“Sono stato un servo di Silvio Berlusconi. Mettevo sempre le sue imprese davanti a tutto. Quando ero ministro dei Beni Culturali gli proposi di dedicare un canale pubblico alla cultura, senza pubblicità. Mi tarpò subito le ali. L’autonomia politica dei dirigenti e dei ministri del partito era inesistente, pari a zero.”
Questa dichiarazione sorprendente proviene dal deputato ed ex ministro Sandro Bondi, che un tempo, trasportato dalla sua vena poetica, aveva dedicato versi infervorati all’ex cavaliere. Bondi era stato anche portavoce di Forza Italia in Parlamento, e agiva con pugno di ferro per servire Berlusconi quando si trovava nel mirino dell’opposizione. Il caso di Sandro Bondi serve per mettere in luce in modo chiaro e definitivo la trasformazione che sta avvenendo nella politica italiana e la condizione disastrosa in cui si trova oggi Forza Italia (FI) insieme al suo leader Berlusconi, ormai praticamente scomparso dal panorama politico.
Sandro Bondi, che aveva iniziato la sua carriera politica nella schiera del Partito Comunista Italiano (PCI), è uno dei 246 parlamentari che hanno cambiato casacca durante questa legislatura in poco meno di 30 mesi: un vero record nella storia della repubblica italiana. In realtà, i cambiamenti sono stati 325 – un terzo del parlamento tra Camera e Senato – dal momento che alcuni parlamentari hanno cambiato schieramento più di una volta.
Cambiare partito o gruppo è considerato normale, quasi come bere un bicchiere d’acqua, da coloro che considerano il Parlamento come una giostra su cui si sale e si scende con grande facilità. E’ consentito persino dalla Costituzione, la quale non pone vincoli tra i parlamentari ed il partito che propone la loro candidatura elettorale.
Si è persa la cultura politica
Il trasformismo a cui si è data oggi la politica italiana iniziò con Tangentopoli (1992), un processo che pose fine alle forze politiche corrotte. Prima invece il cambio di partito non esisteva, poiché le origini dei partiti, o il loro punto di riferimento, erano le grandi culture politiche, quattro in particolare: democristiana, socialista, repubblicana e liberale. Oggi questa cultura si è persa in Italia, paese che in una nuova fase di ristrutturazione politica raggiunge livelli record di trasformismo.

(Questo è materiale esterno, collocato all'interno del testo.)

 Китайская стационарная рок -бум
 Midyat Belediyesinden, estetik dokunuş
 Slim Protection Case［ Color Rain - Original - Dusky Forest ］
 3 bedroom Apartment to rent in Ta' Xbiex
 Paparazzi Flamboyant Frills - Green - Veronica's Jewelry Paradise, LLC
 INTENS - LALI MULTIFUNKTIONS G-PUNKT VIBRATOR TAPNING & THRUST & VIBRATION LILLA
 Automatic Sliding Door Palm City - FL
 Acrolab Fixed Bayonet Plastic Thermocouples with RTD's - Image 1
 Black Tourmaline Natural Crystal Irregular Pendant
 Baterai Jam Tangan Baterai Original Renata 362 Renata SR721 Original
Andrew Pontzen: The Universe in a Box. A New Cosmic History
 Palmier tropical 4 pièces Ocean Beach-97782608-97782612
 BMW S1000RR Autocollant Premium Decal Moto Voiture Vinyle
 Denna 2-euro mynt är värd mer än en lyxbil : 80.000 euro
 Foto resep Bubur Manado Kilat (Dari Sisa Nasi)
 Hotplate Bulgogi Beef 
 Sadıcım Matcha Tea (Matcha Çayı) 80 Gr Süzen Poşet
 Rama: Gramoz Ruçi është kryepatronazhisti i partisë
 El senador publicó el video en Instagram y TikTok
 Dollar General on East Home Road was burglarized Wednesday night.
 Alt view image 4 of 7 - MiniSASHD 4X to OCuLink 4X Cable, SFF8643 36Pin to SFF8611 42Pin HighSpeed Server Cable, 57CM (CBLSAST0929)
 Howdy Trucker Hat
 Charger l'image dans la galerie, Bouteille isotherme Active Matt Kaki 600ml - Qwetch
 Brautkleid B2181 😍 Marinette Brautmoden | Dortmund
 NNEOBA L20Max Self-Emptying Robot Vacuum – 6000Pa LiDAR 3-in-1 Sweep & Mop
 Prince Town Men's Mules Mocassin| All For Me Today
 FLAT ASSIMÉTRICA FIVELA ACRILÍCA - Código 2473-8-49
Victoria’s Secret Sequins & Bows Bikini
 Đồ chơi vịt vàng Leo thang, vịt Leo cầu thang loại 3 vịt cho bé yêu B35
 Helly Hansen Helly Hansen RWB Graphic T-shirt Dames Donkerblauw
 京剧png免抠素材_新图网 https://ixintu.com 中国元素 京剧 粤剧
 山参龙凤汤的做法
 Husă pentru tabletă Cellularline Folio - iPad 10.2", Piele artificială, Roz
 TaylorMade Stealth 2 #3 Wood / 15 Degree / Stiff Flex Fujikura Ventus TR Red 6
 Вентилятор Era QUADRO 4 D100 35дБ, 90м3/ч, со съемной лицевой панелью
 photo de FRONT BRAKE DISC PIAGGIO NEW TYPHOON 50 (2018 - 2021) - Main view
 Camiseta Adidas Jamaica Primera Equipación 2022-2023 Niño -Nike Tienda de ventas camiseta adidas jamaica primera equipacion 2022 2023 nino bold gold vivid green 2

I disertori agiscono quasi sempre per convenienza o interesse personale, giustificandosi con la scusa di cambiare per coerenza politica, ma guarda caso unendosi sempre al carro del vincitore. Silvio Berlusconi, che era entrato in politica per difendere i suoi interessi imprenditoriali, ha fatto scuola, nonostante il suo partito ne paghi ora le conseguenze.
Il più alto tasso di abbandono l’ha avuto Forza Italia: 30 senatori e 29 deputati hanno lasciato Berlusconi a piedi. Con sondaggi che lo lasciano persino al di sotto della barriera psicologica del 10%, FI sembra in procinto di tirare i remi in barca facendo dilagare il panico e l’ansia di fuga tra i suoi parlamentari e dirigenti, i quali vogliono evitare di trovarsi sommersi dalle rovine di un partito affetto da sindrome di dissoluzione.
A fronte delle prossime elezioni locali, attese in primavera, l’ex primo ministro si chiede persino se sia il caso di togliere il suo nome dal simbolo di Forza Italia, e di presentare liste civiche come ultima ancora di salvezza. In poche parole, Berlusconi sta scomparendo dalla scena politica per due motivi fondamentali: per l’obbligo morale dell’età, quasi 80 anni, e perché la Lega Nord, con il suo leader lepenista Matteo Salvini, ha lanciato un’Offerta Pubblica di Acquisto, diventando di fatto, con il 16% dei voti secondo i sondaggi, il leader della destra italiana, che oggi non rappresenta un’opposizione credibile al Partito Democratico di Matteo Renzi. Il principale oppositore del PD è il Movimento 5 Stelle.